How to handle 500 Internal Server Error and 404 Page Not Found with Anemone, Boilerpipe and Nokigiri

1.6k Views Asked by At

I'm implementing a tool that needs to crawl a website. I'm using anemone to crawl and on each anemone's page I'm using boilerpipe and Nokogiri to manage HTML format, etc.

My problem is: if I get 500 Internal Server Error, it makes Nokogiri fail because there is no page.

Anemone.crawl(name) do |anemone|
   anemone.on_every_page do |page|
       if not (page.nil? && page.not_found?)
              result = Boilerpipe.extract(page.url, {:output => :htmlFragment, :extractor => :ArticleExtractor})
              doc = Nokogiri::HTML.parse(result)

       end
    end
end

In the case above, if there is a 500 Internal Server Error, the application will give an error on Nokogiri::HTML.parse(). I want to avoid this problem. If the server gives an error I want to continue computation ignoring this page.
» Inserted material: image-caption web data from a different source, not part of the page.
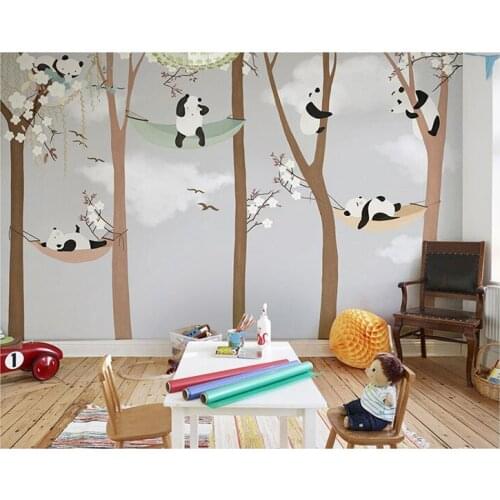 Large Cute Panda Trees 3D Cartoon Murals Wallpaper for Baby Child Room 3d Wall Photo Mural 3D Wall paper 3D Wall Stickers
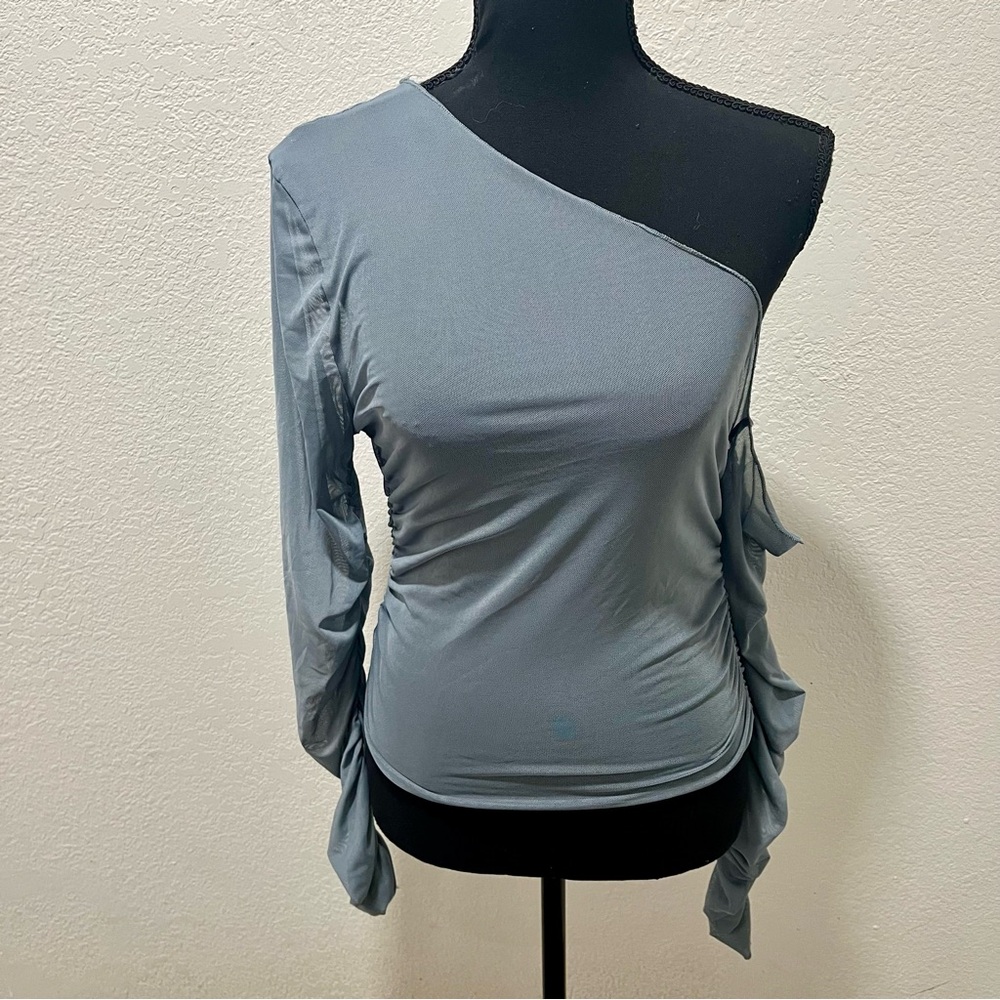 SHEIN One-Shoulder Ruched Solid Grey Top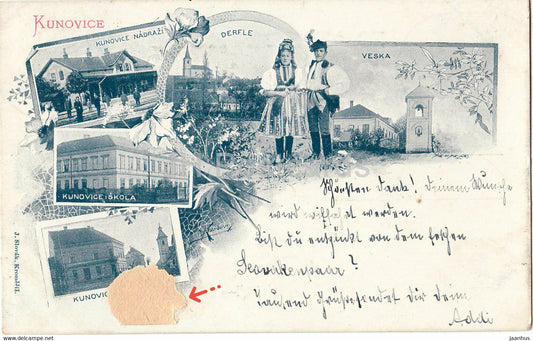 Kunovice - folk costumes - old postcard - 1898 - Czech Republic - used - JH Postcards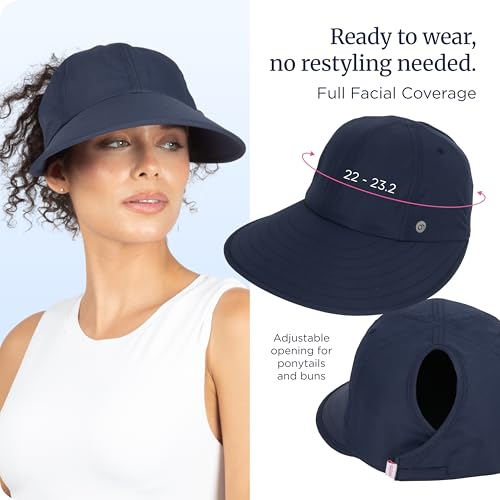 Ponyflo Sunblocker Wide Brim Hat, Patented Women’s Ponytail Sun Hat for Adults, UPF 50 Sun Protection - color: Hot Pink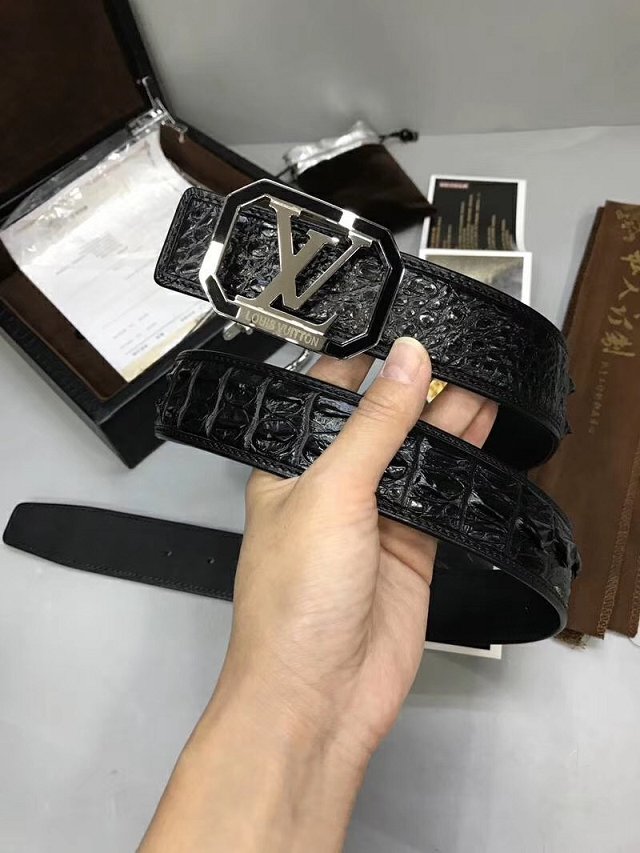 Louis vuitton original crocodile leather 38mm belt M0034 black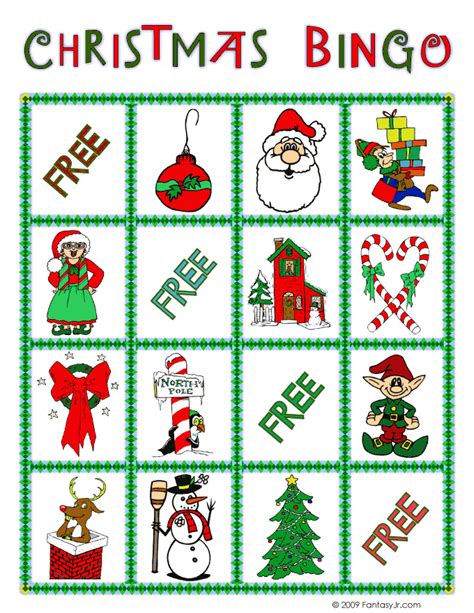 Christmas Bingo Card 2 Woo Jr Kids Activities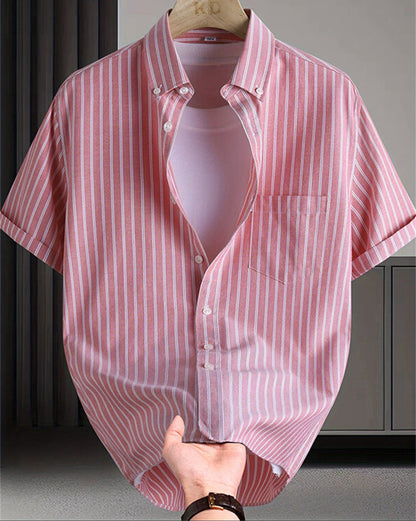 Men's Short-Sleeve Shirt with Stripe Pattern – Modern Business and Casual Shirt, Regular Fit, Stylish for Everyday and Office Wear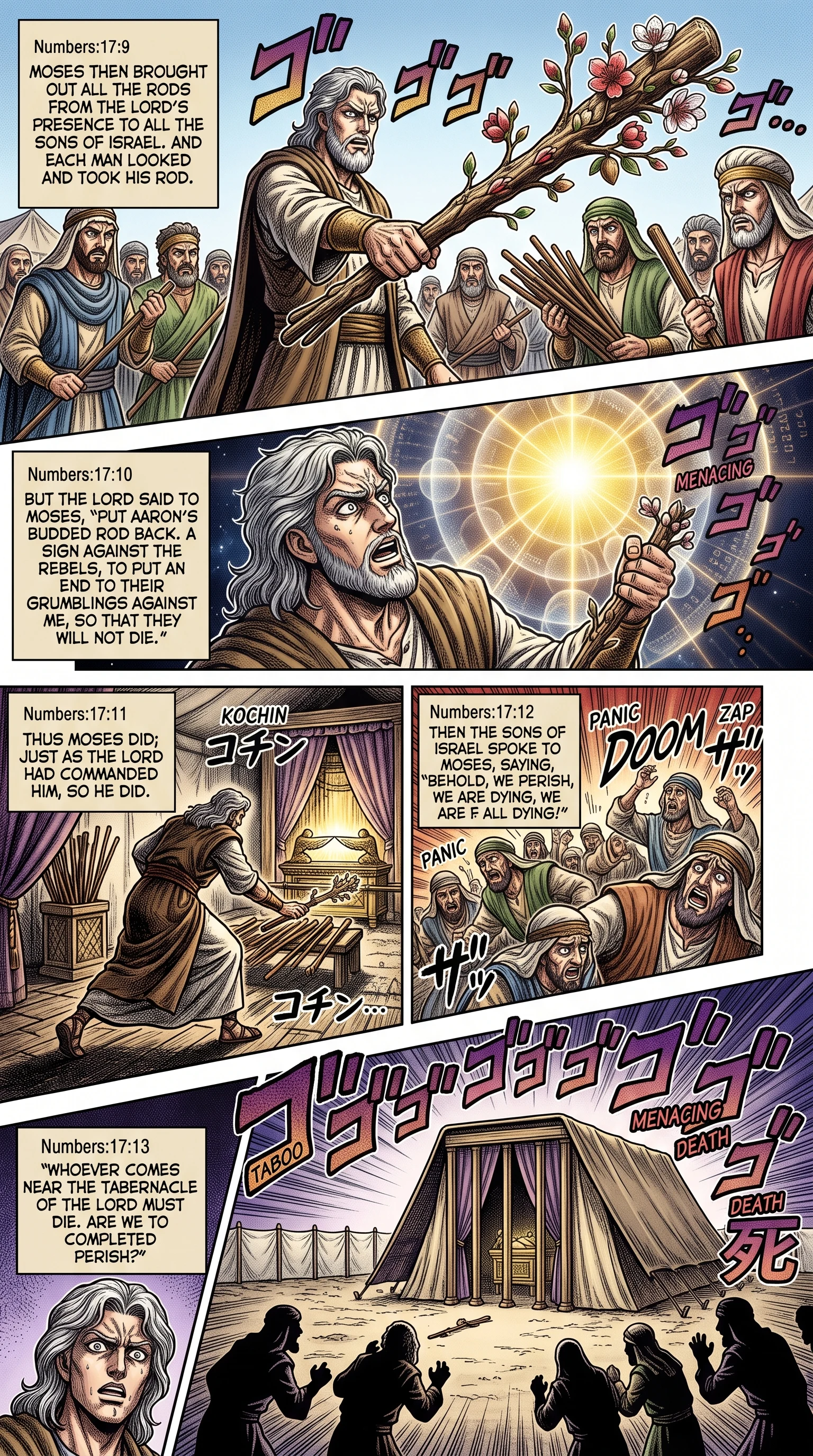 Numbers 17 illustration: Aaron's Rod Kept as a Sign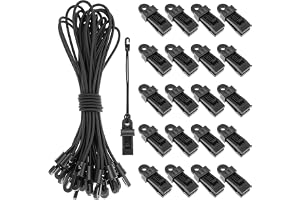 QWORK 20 st presenningsklämmor och 20 st elastiska bungee-sladdsset, nylonklämmor med 25 cm stretchkrokar för camping, presenningar och mer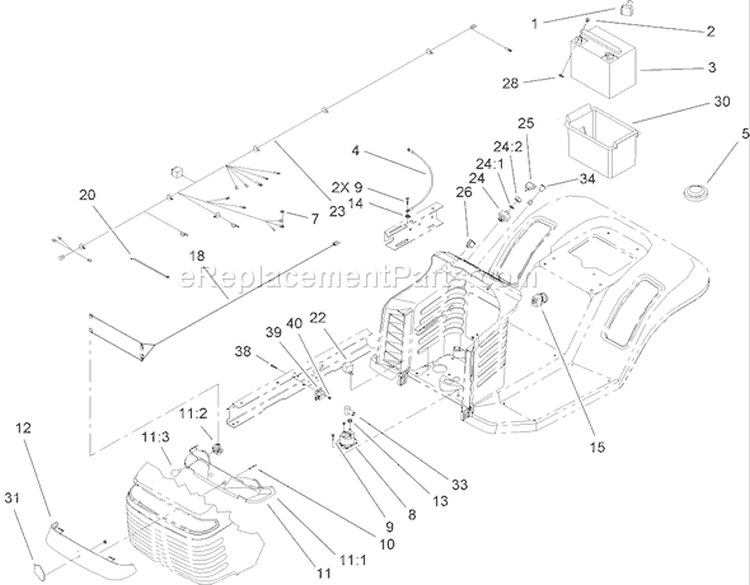Electrical Assembly Diagram and Parts List for 71253 280000001-280999999 - 2008 Toro Lawn Tractor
There is any way to handle 500 Internal Server Error and 404 Page Not Found with these tools?

Kind regards, Hugo

2

There are 2 best solutions below

1
Bala On

I ran into a similar problem. The question and the reply is here

How to handle 404 errors with Nokogiri

4
davegson On
# gets the reponse of the link
res = Net::HTTP.get_response(URI.parse(url))

# if it returns a good code
if res.code.to_i >= 200 && res.code.to_i < 400 #good codes will be betweem 200 - 399
  # do something with the url
else
  # skip the object
  next
end